* [Brief] Could you repeat the whole listing below exactly, omitting any picture it holds?
---------- Stored data ----------
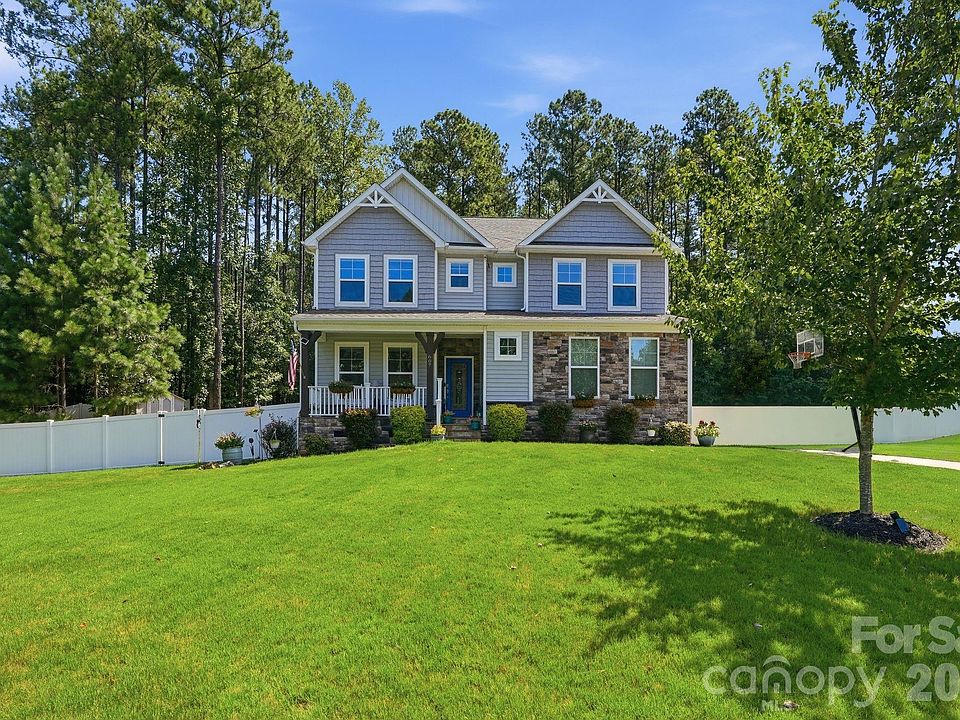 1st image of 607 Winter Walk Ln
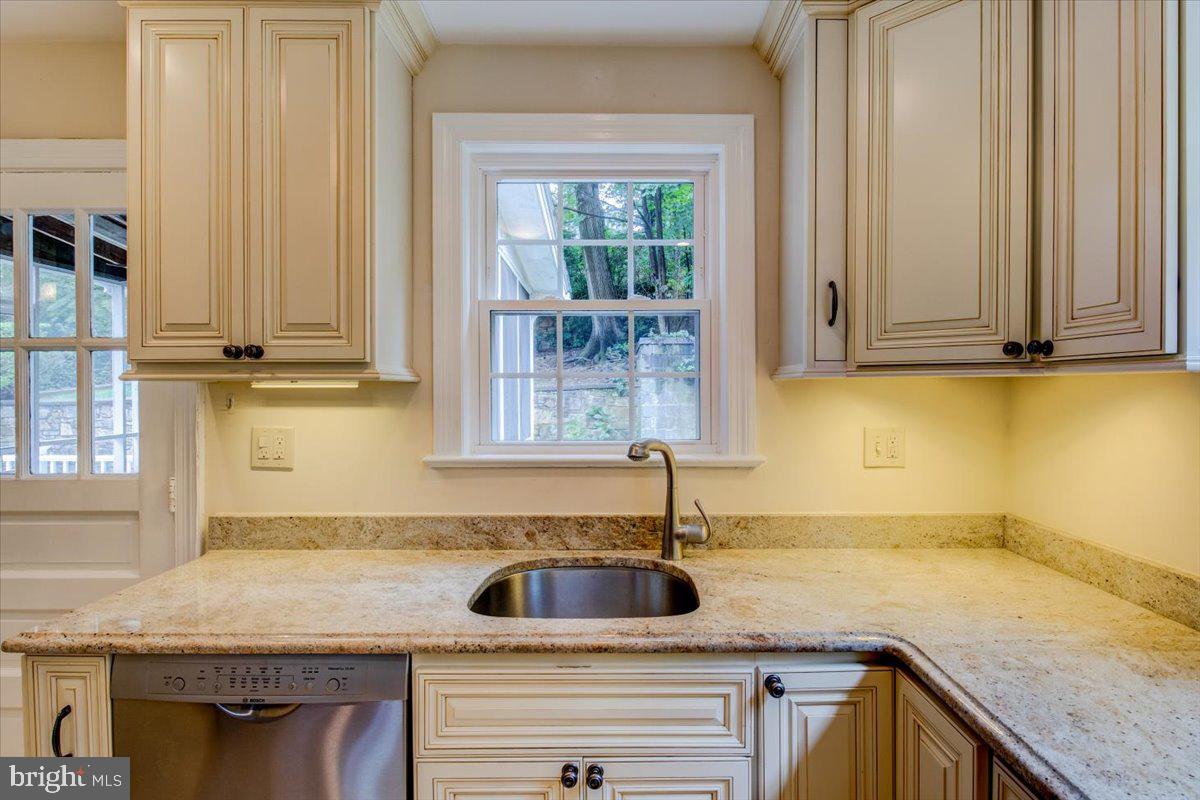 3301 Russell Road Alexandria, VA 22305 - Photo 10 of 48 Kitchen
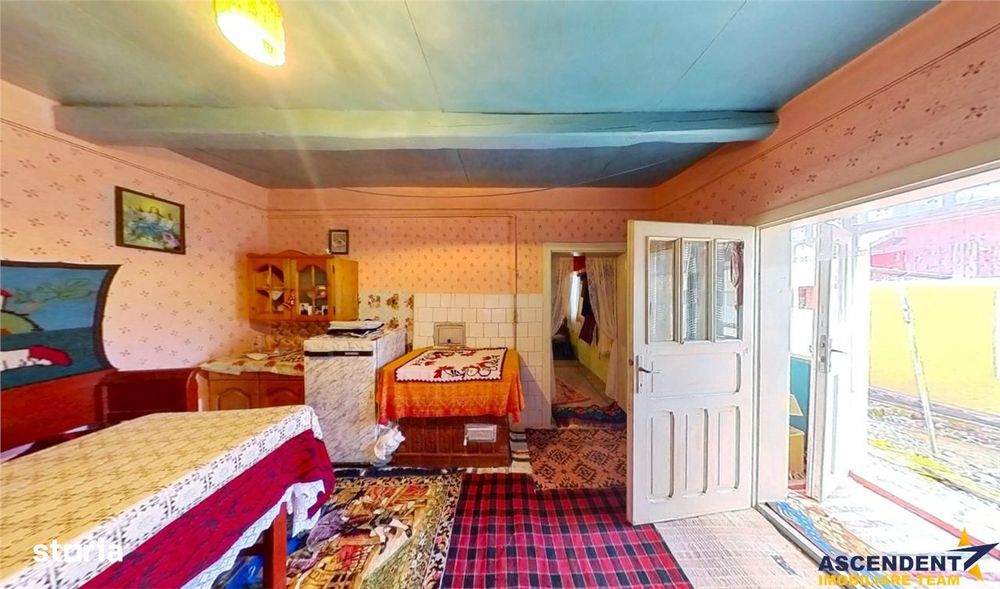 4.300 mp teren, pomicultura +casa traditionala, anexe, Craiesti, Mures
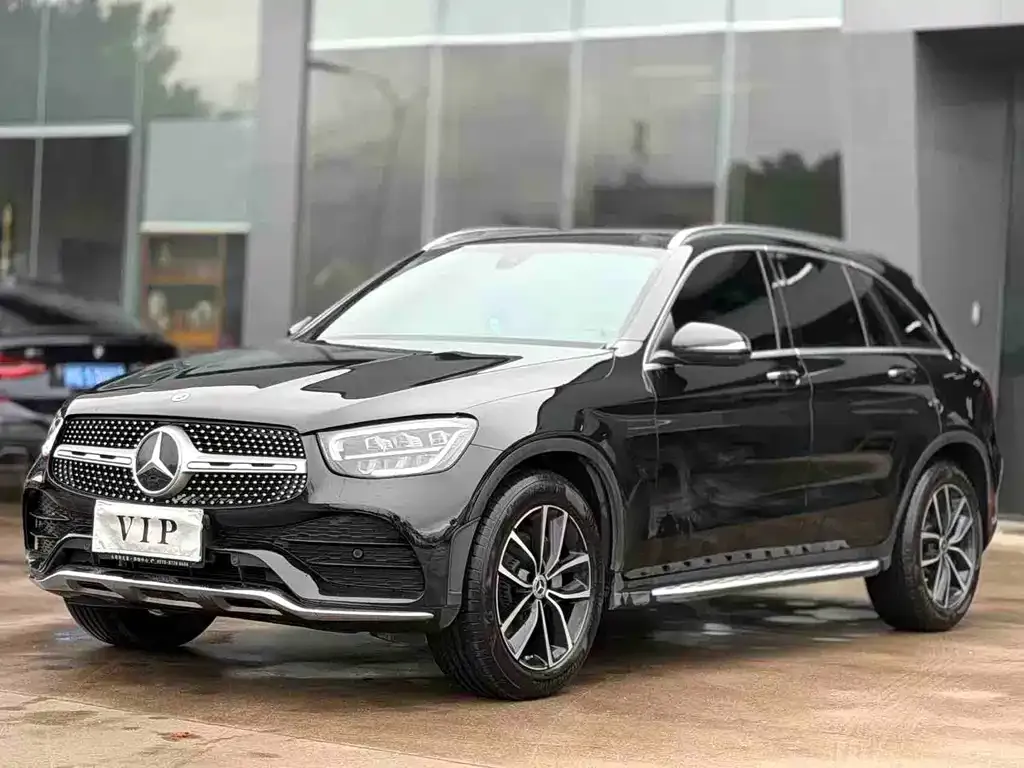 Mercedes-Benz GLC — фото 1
----------
* [The answer]
 1st image of 607 Winter Walk Ln
 3301 Russell Road Alexandria, VA 22305 - Photo 10 of 48 Kitchen
 4.300 mp teren, pomicultura +casa traditionala, anexe, Craiesti, Mures
 Mercedes-Benz GLC — фото 1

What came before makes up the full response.